Go to the line with "Flores artificiales de fábrica" in the material below and copy from there through the line with "Mustangs Checker Bolt Distressed DTF Print", exactly. Pictures are not copied.

------ MATERIAL FOR THIS TASK ------

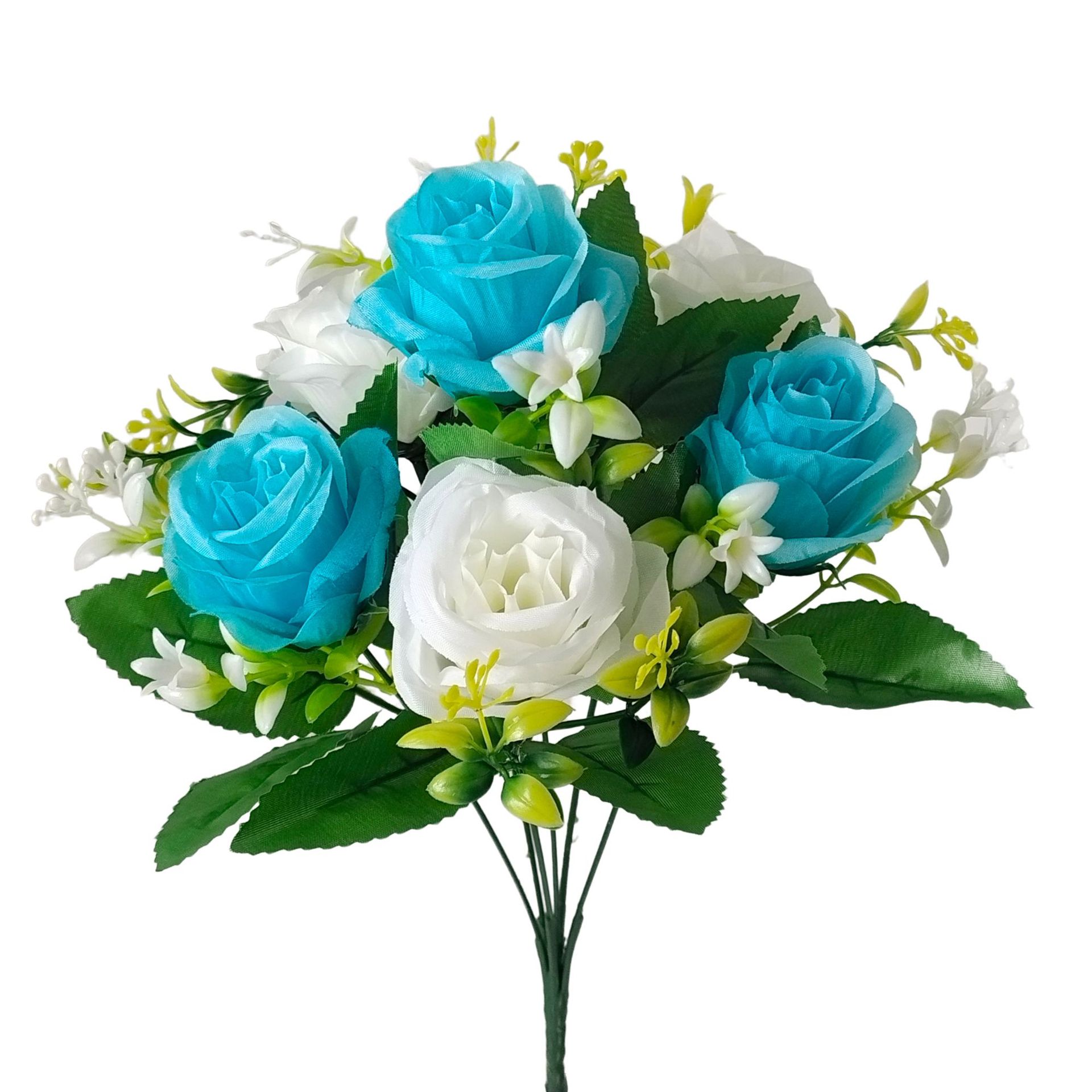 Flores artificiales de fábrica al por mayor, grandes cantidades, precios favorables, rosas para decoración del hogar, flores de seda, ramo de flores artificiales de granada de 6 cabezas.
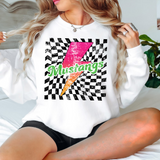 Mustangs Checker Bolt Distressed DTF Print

------
------ MATERIAL FOR THIS TASK ------

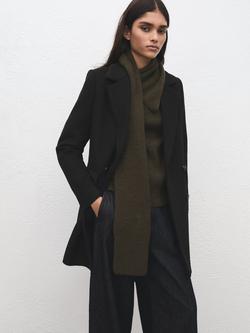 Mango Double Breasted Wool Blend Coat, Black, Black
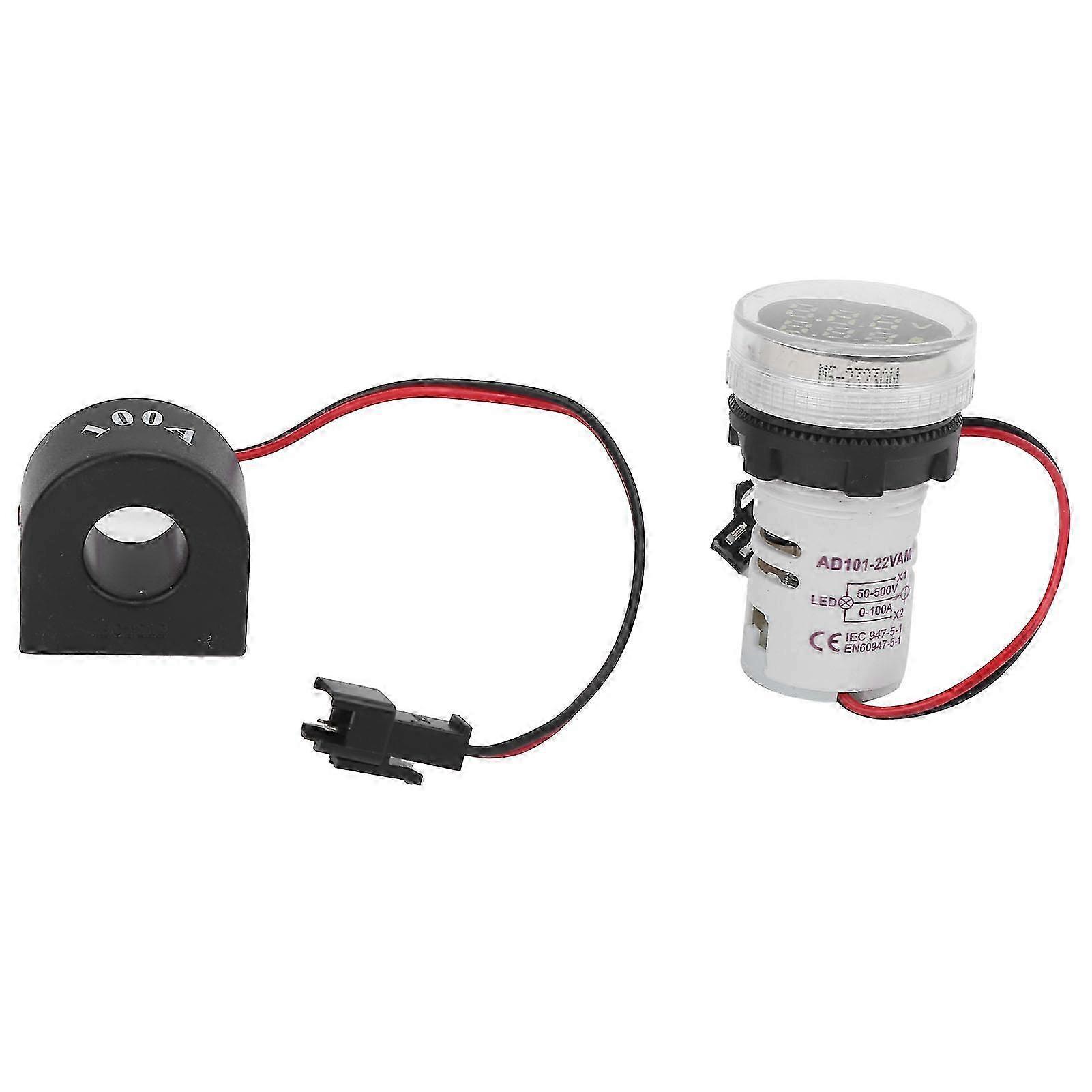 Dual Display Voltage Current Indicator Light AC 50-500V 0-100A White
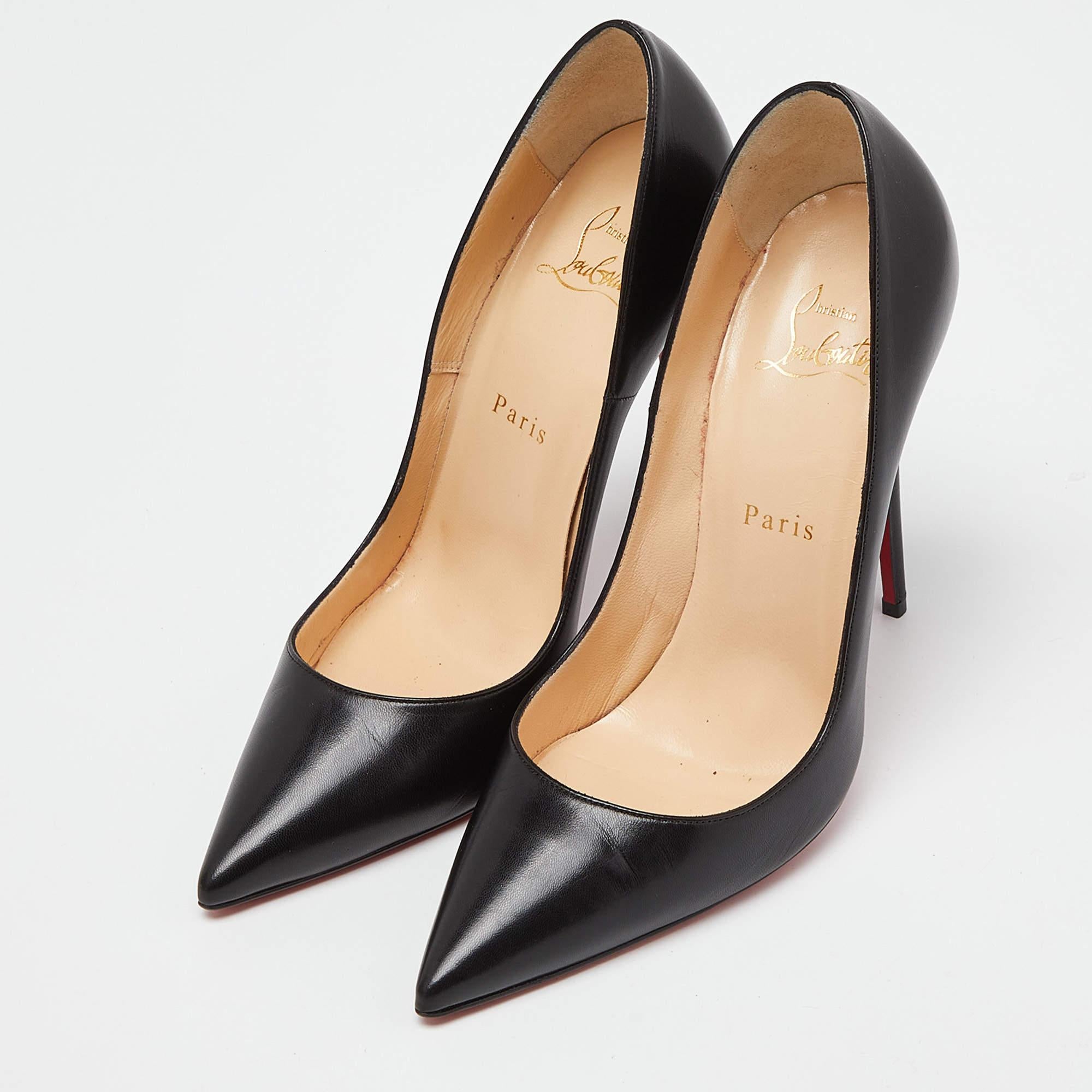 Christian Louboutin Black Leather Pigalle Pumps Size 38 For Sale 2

------
------ MATERIAL FOR THIS TASK ------

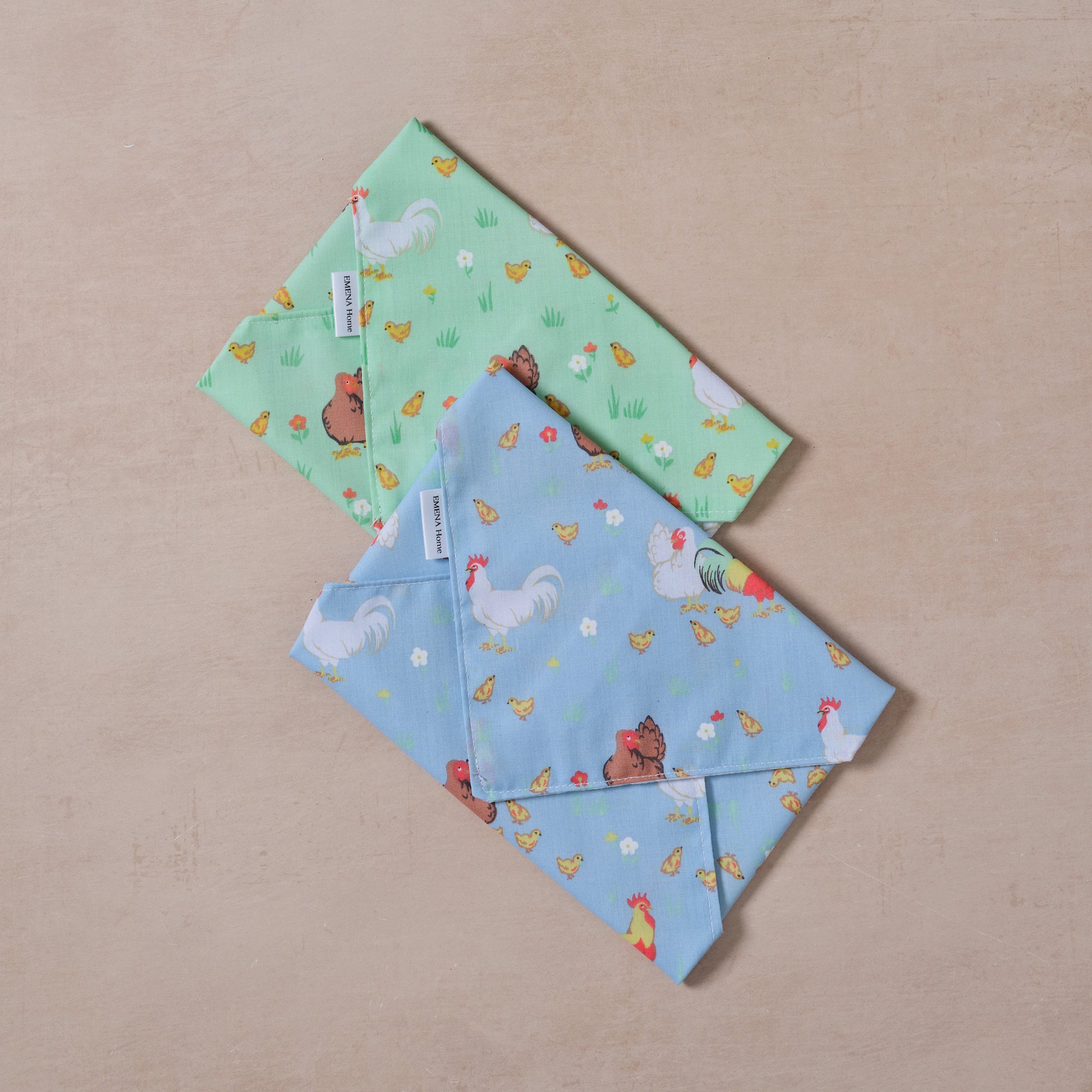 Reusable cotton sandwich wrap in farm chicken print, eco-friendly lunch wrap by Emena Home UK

------

(RESULT OF THE TASK)
 Flores artificiales de fábrica al por mayor, grandes cantidades, precios favorables, rosas para decoración del hogar, flores de seda, ramo de flores artificiales de granada de 6 cabezas.
 Mustangs Checker Bolt Distressed DTF Print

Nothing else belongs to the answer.